Le Dimanche, la route était
infiniment meilleure, et nous arrivions à proximité de Tana, alors que la nuit
tombait, vers 17h30. Lorsqu’il roule,
Mamy coupe son téléphone. C’est celui de mon épouse qui sonne. Message
affolé de Lanto : « pas moyen
de joindre Mamy, j’ai une information importante à lui transmettre ».
On informe l’intéressé. « Pffffffffffffff,
fait –il c’est toujours comme ça avec
Lanto, elle s’inquiète toujours, lorsque je suis sur la route ». Lanto est la sœur ainée, « vieille
fille » de 65 ans, brillant professeur d’Université, toujours en exercice
jusqu’à 70 ans nous dit -elle. Elle aime à se donner des airs sévères, mais ceux
qui la connaissent savent qu’outre son
immense intelligence, elle est d’une sensibilité et d’un dévouement infinis
pour ses étudiants, et que la situation de son pays la meurtrit au plus profond
d’elle. Mon épouse répond par une formule neutre, du type « Mamy conduit, il te recontactera ». Dix minutes plus
tard : « Où êtes-vous. Il y a une mutinerie des forces armées, près
d’Ivato. Tirs croisés violents. Faites
très attention. Répondez ! ».
Ivato, c’est l’aéroport de Tana, à une vingtaine de kilomètres de la
ville. Notre route rejoindra celle d’Ivato, à proximité immédiate de
l’Ambassade des Etats Unis. Moi, ça me rassure plutôt, je vois mal les insurgés
menacer la forteresse de l’Oncle Sam, y compris par des balles perdues, car à
n’en point douter, la riposte serait sévère et immédiate.

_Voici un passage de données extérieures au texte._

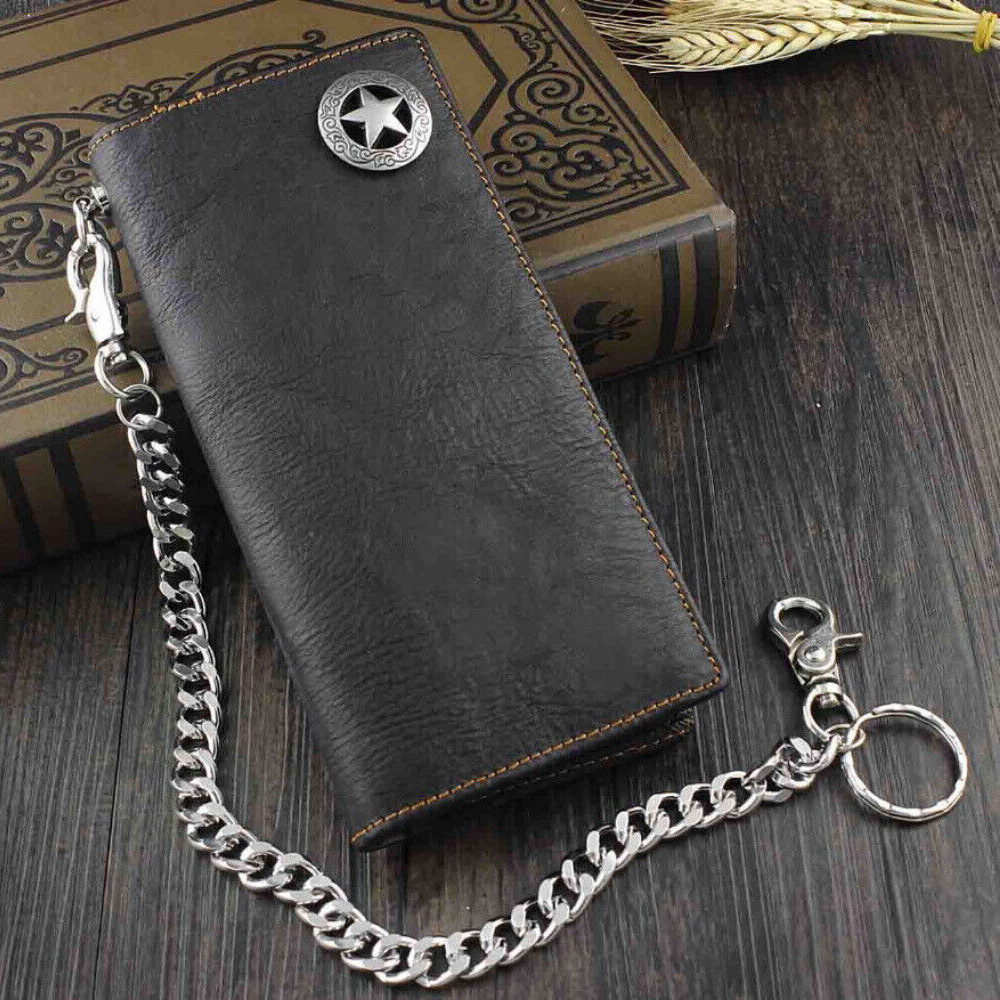 

Biker Rock Star Concho Mens Card Money Leahter Wallet With Safe Pants Chain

Mamy verrouillera seulement portes et
fenêtres, surtout lorsque la voiture devra
se frayer un chemin parmi les piétons.
« Des bandits profitent toujours de la confusion, dans ces cas-là »,
dit Mamy. Il y a en effet encore plus de
monde que de coutume, dans les rues et sur les routes, mais aucun signe de
panique. Peut être seulement, une certaine nervosité quelque peu
« électrique ». Mais peut être aussi, notre propre inquiétude que
nous cherchons à dissimuler en
plaisantant un peu lourdement, influence t’elle notre perception, et par voie
de conséquence, notre jugement. J’espère surtout que la situation ne durera pas
et ne compromettra pas notre retour, cinq
jours plus tard. Pendant ce temps, les beaux toros portugais d’Orthez
sortaient en piste et je pensais aux amis et plus particulièrement à « mon javierin ». « Suerte » donc !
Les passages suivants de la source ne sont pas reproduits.